Last year, year the company I work for (SAP) had an internal contest to create a logo for our Midwest Region (“Midwest Market Unit”) - and I submitted a horrible design. I didn’t win, place, or even show (thank goodness.)

The winner came up with a PHENOMENAL design, and it has been used on internal, local marketing material. Since I have done luggage tags and a few other things for a number of people in our office (using the “first one is free” pay for everything else principle), I was asked if I could make a version of the logo for a sign. Months passed, and I finally was able to get around to it.

Because of contrasting colors in the logo, I chose Walnut and Cherry PG, and moved the parts around to fit each set onto a single 12x20 sheet of PG Plywood (for each color).

Several folks here on the Forum provided me one-on-one feedback and suggestions on a few tweaks, and after taking quite a while to decide on where to source the frame (and then waiting for it to arrive), the project is completed!

image

(Since there is no banana for scale, the dimensions on the frame are 26 inches wide by 22 inches tall.)

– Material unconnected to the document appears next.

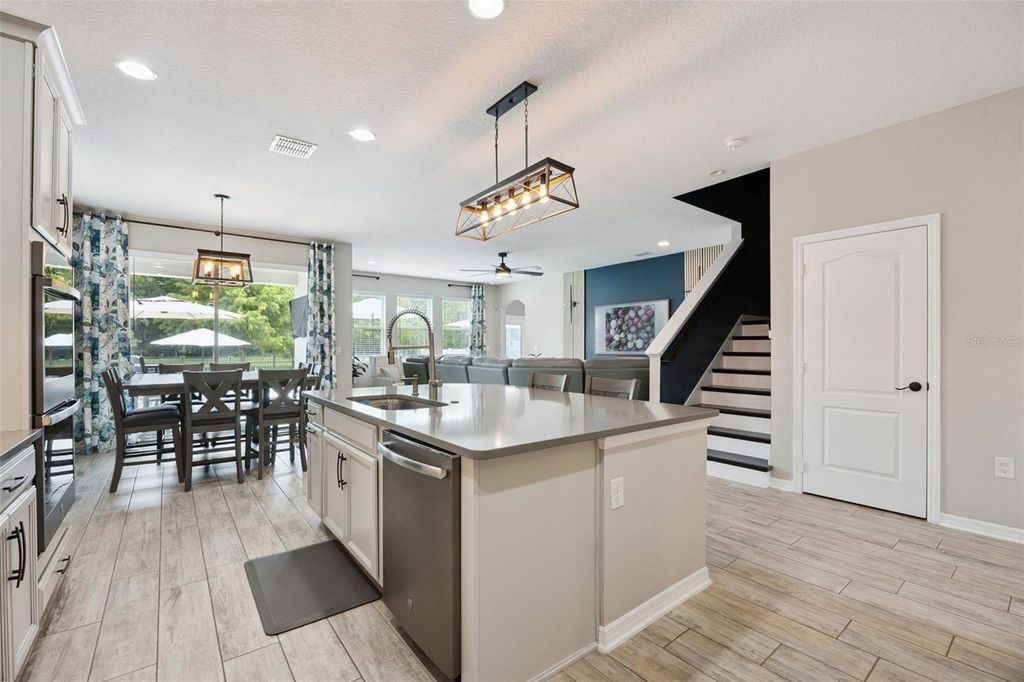 Image 16 of property listing at 162 BLUE FLAX POINT, Longwood, FL 32750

Here are a few things I learned.

  1. When you are cutting out various pieces to assemble, be careful about “optimizing” space. It’s REALLY important to make sure your final arrangement of the pieces will keep the grain of the wood properly aligned. I didn’t for one of the original components, and ended up having to re-cut it. Luckily, there was still a perfect spot to do so, and it fits in perfectly (it’s the left-most upward pointing cherry ply triangle. Originally, the grain was going 90 degrees off from the rest of the cherry.)

  2. Epoxy works well for gluing wood to acrylic, but you should mix VERY SMALL quantities - because when they say it sets in 5 minutes, they mean it. I Ended up wasting a good bit of it as I was gluing the pieces to the back piece of acrylic.

  3. Epoxy only takes a small portion of what you think it will. Avoid the excess and don’t risk overflow on the mounting board.

  4. Keep some damp / wet cloths or rags handy to quickly wipe off any spillage.

  5. Have a few q-tips handy for addressing small amounts of said spillage.

  6. Some imperfections will happen, and odds are that they will not be as noticeable as you think they are: specifically, leakage on the backing board. If they are cleaned up fairly well and quickly, they will almost not be noticeable once the front cover is on. And a corollary to that - issues that are obvious when face up under a bright light are not nearly as easy to see when mounted (or up against a wall waiting to be mounted.)

  7. When you are mounting wood within an acrylic frame with mounting posts, use some of your scrap wood to cut out washers to go between the layers of acrylic as part of the mounting post. Otherwise, the acrylic sheet will bow in at the mounting post corners.

    (Luckily, I realized this as I was putting it together at home, and was able to quickly make several sets of washers.)

I dropped it off in the office on last Friday, and on Tuesday, received wonderful feedback from our SVP, who told me:

“Thank you!!! The Market Unit logo that you created looks amazing. Looking to finalize the best location for this so it can be enjoyed by all. Your creativity and dedication is awesome…what a cool hobby/skill”

And for me, this is really a hobby / side hustle, not a primary form of income, and I have to say that getting that kind of feedback from someone who is a great leader, who I respect immensely, was incredibly meaningful.

So as a “more than just Glowforge” lesson, never forget to give praise and recognition – it can be incredibly impactful for those who hear it.